Creating the Right Urgency

Most of us experience urgency each day. Hitting every traffic light on the way to an appointment can cause us to drive with a sense of urgency. Realizing you forgot to include a dial-in conference line number four minutes before the meeting begins can make you sweat. This type of distracting, and even destructive, urgency is not the kind of urgency that leads organizations to higher levels of success. Urgency born from fear and stress hinders improvement and productivity efforts.

Leaders create the right kind of urgency through clear and consistent communication about what matters to the organization. As gaps are realized and shifts are made, communicating goals and actions required to maintain progress builds urgency for the organization’s priorities. This type of urgency drives teams to achieve results. It provides just enough challenge to motivate and focus around a clear purpose.

5 Steps to Being Urgent Every Day

Achieving at the highest levels requires the right type of urgency to be consistently established throughout the organization. On-going attention and communication about top priorities and how they connect to each team member keeps the level of urgency at healthy and helpful levels.

Decide what matters

The first step in creating urgency for progress is to determine the needs for progress. What shifts do the data suggest you make? What should the team be monitoring? What will make the organization better? Once you know what matters to the organization, as a whole, consider how individual team members fit into that picture of success and purpose.

Communicate priorities for progress

Use a variety of communication methods to intentionally connect individuals to the purpose and aims of the organization. Help people connect the dots between their day-to-day responsibilities and the organization’s priorities.
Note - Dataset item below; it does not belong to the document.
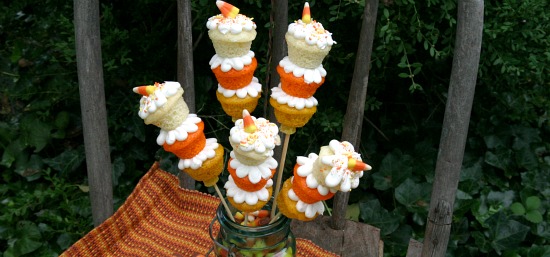 Candy Corn Cupcakes: Food on a Stick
People will work to achieve goals that are clearly connected to their sense of purpose and their place within the organization.

Monitor progress and actions

Frantically doing a lot of stuff doesn’t mean it’s the right stuff, with the right sense of urgency. It is important to frequently monitor progress and actions. Establish regular data reviews and check-in conversations to determine if people are strategically aligning actions to priorities. Maintaining urgency that drives progress includes dealing with low performance. These individuals are often complacent or exhibit a false sense of urgency. Allowing low performance to persist in an organization is a sure way to block urgency and progress.

Model the right urgency

The leader sets the cadence for the rest of the team. A leader’s words and actions communicate what matters to the organization and the type of urgency that should drive efforts. If leaders are frantic and stressed, the team will assume a chaotic approach to daily action. A purposeful tone and focused steps guide the team in moving toward progress and the direction of stated priorities.

Get feedback

Gathering feedback provides leaders with valuable information about how and what type of urgency is driving the organization. One-on-one conversations, employee forums, and surveys are tools that assist leaders in discovering perceptions and levels of urgency. Leaders can use these methods to determine if the team feels actions are aligned to priorities, and if team members consistently know what really matters. These data are then used to clarify messages about goals and actions that will move the organization forward.

Bright Ideas:

Complacency develops for many reasons, with one being a perception that new ideas are unwelcome or even rejected. To combat complacency, consider ways you can encourage ideas from employees at all levels. Allowing employees to submit Bright Ideas to a peer group for review and implementation honors employees’ ideas while simultaneously improving the organization.